::: Entries provided :::

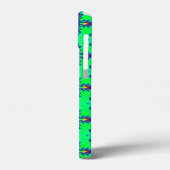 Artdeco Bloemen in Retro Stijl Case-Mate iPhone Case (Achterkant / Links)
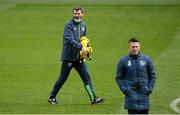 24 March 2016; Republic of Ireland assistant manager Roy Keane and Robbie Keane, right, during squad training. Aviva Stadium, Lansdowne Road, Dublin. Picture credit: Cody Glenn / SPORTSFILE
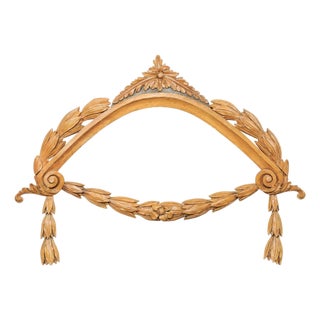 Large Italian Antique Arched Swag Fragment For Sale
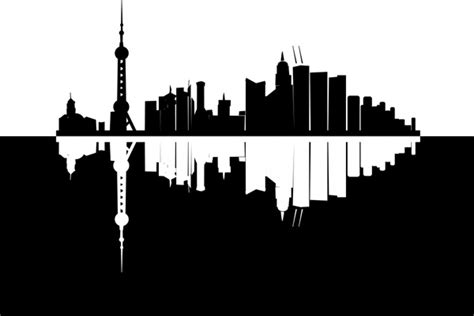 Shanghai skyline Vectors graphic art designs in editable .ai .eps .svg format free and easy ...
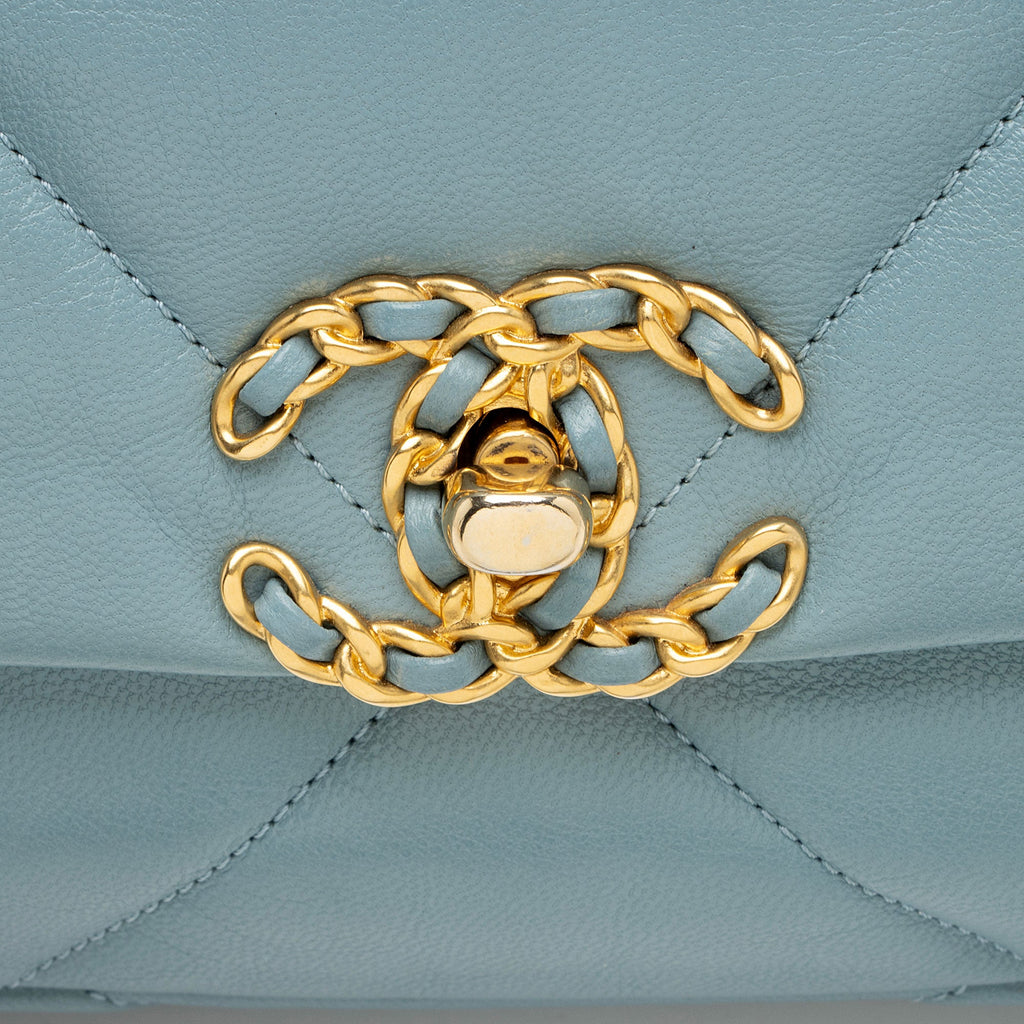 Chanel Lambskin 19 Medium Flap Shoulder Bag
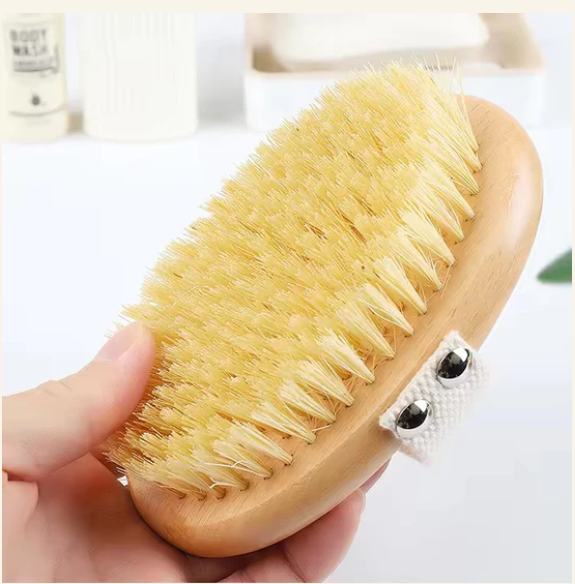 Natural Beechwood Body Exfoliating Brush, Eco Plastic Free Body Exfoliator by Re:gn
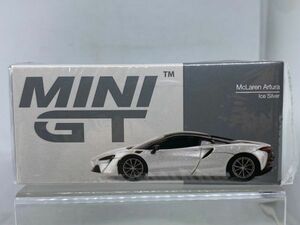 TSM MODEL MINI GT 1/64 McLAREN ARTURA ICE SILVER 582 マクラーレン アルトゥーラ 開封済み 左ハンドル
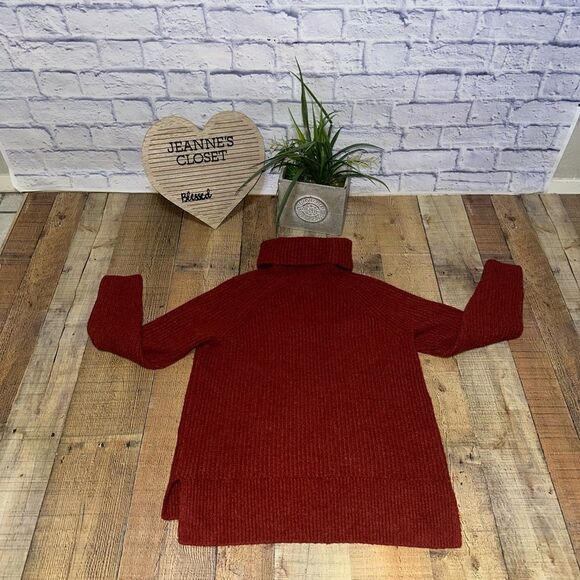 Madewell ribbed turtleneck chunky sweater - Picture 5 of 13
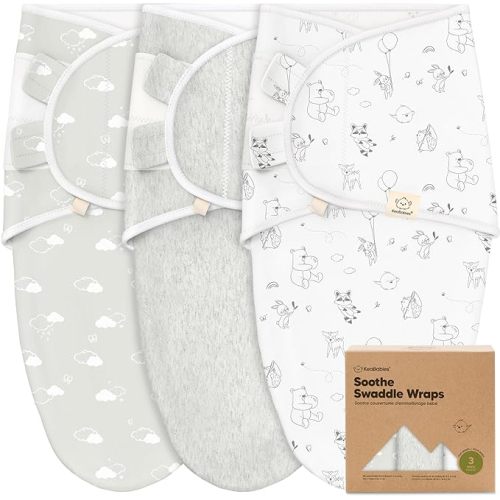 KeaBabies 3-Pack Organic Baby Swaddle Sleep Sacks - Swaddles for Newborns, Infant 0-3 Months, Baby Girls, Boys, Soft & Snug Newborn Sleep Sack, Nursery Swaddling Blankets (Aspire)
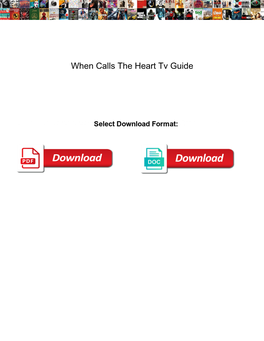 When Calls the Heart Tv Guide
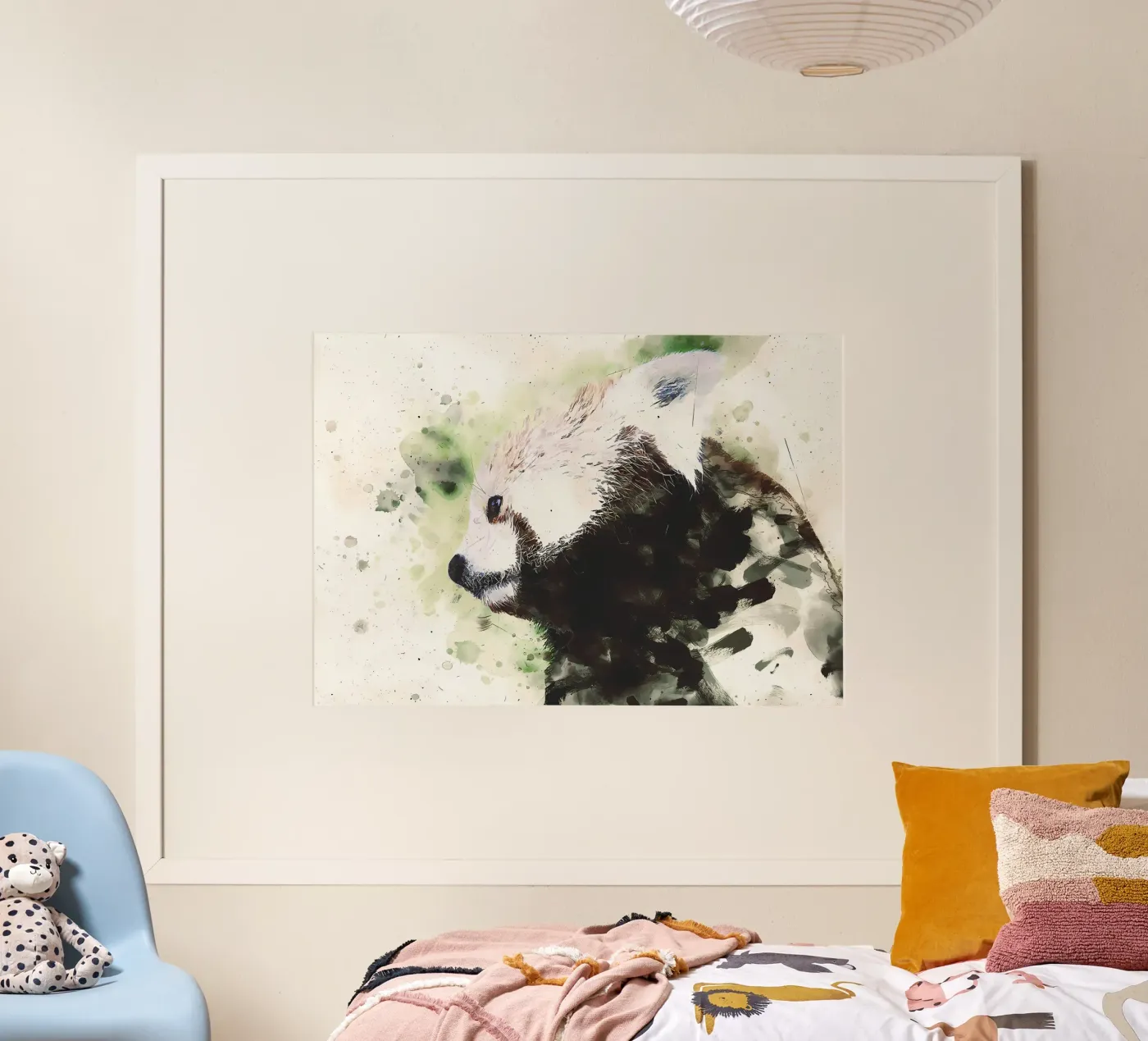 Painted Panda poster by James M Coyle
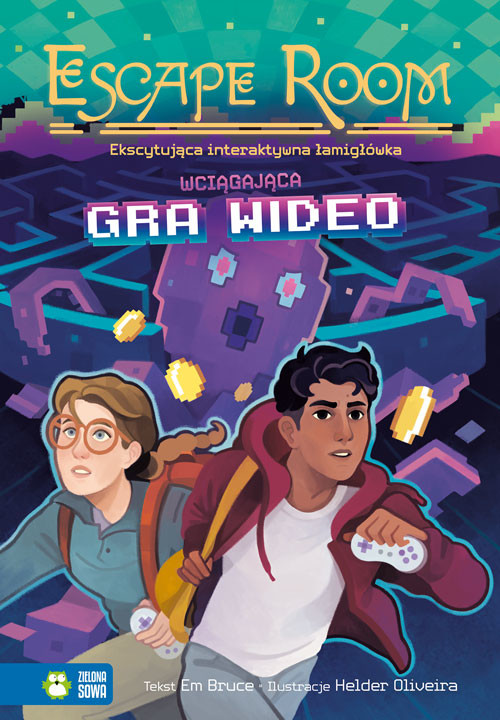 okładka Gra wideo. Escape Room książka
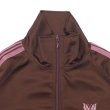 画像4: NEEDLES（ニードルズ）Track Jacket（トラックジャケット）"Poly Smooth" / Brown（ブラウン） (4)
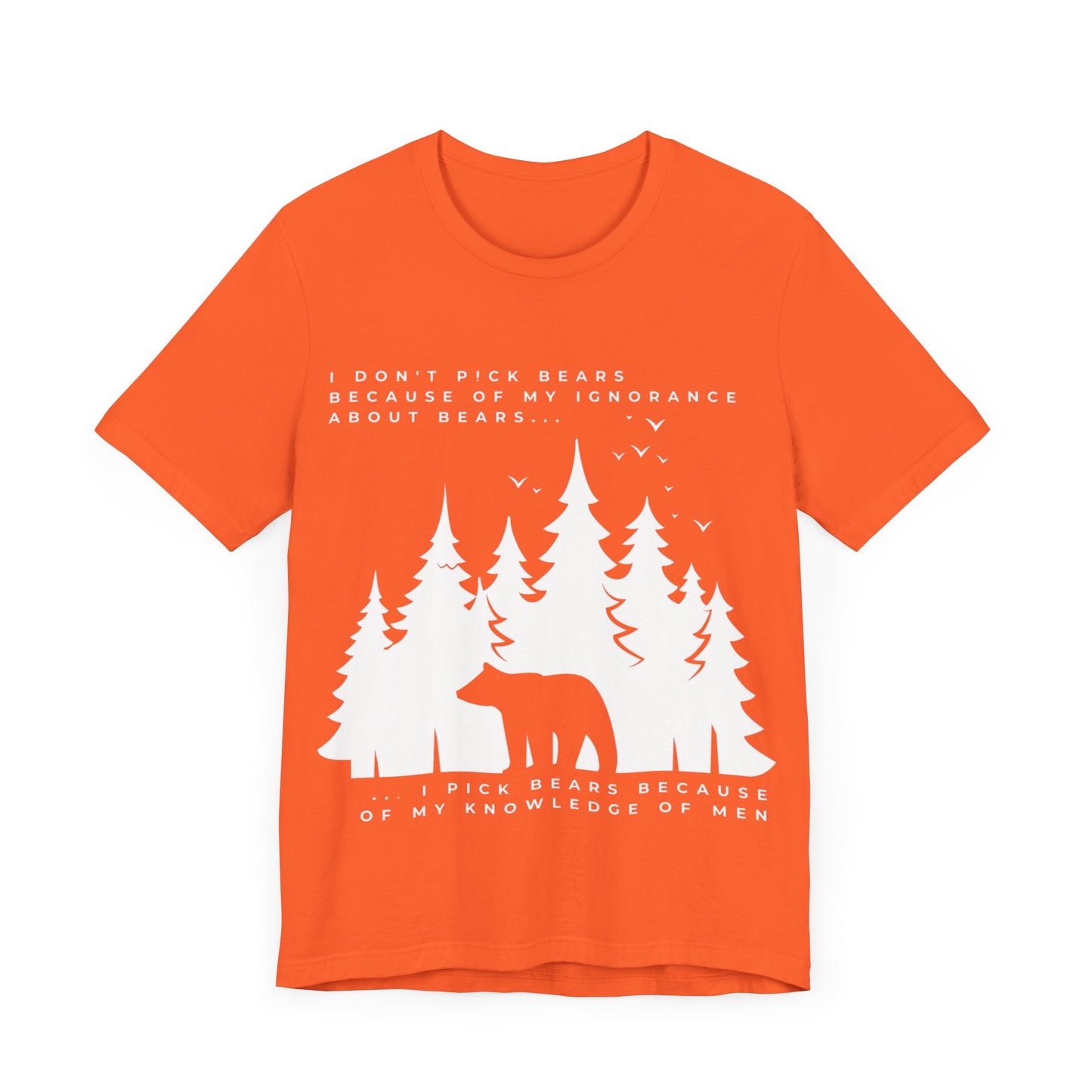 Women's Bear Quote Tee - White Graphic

:::

## What is expected
Drop the pictures, then write out only the lines running from the one containing "Madewell ribbed turtleneck chunky" through the last line above, both included, exactly.

## Answer to this exercise
 Madewell ribbed turtleneck chunky sweater - Picture 5 of 13
 KeaBabies 3-Pack Organic Baby Swaddle Sleep Sacks - Swaddles for Newborns, Infant 0-3 Months, Baby Girls, Boys, Soft & Snug Newborn Sleep Sack, Nursery Swaddling Blankets (Aspire)
 When Calls the Heart Tv Guide
 Painted Panda poster by James M Coyle
 okładka Gra wideo. Escape Room książka
 画像4: NEEDLES（ニードルズ）Track Jacket（トラックジャケット）"Poly Smooth" / Brown（ブラウン） (4)
 Women's Bear Quote Tee - White Graphic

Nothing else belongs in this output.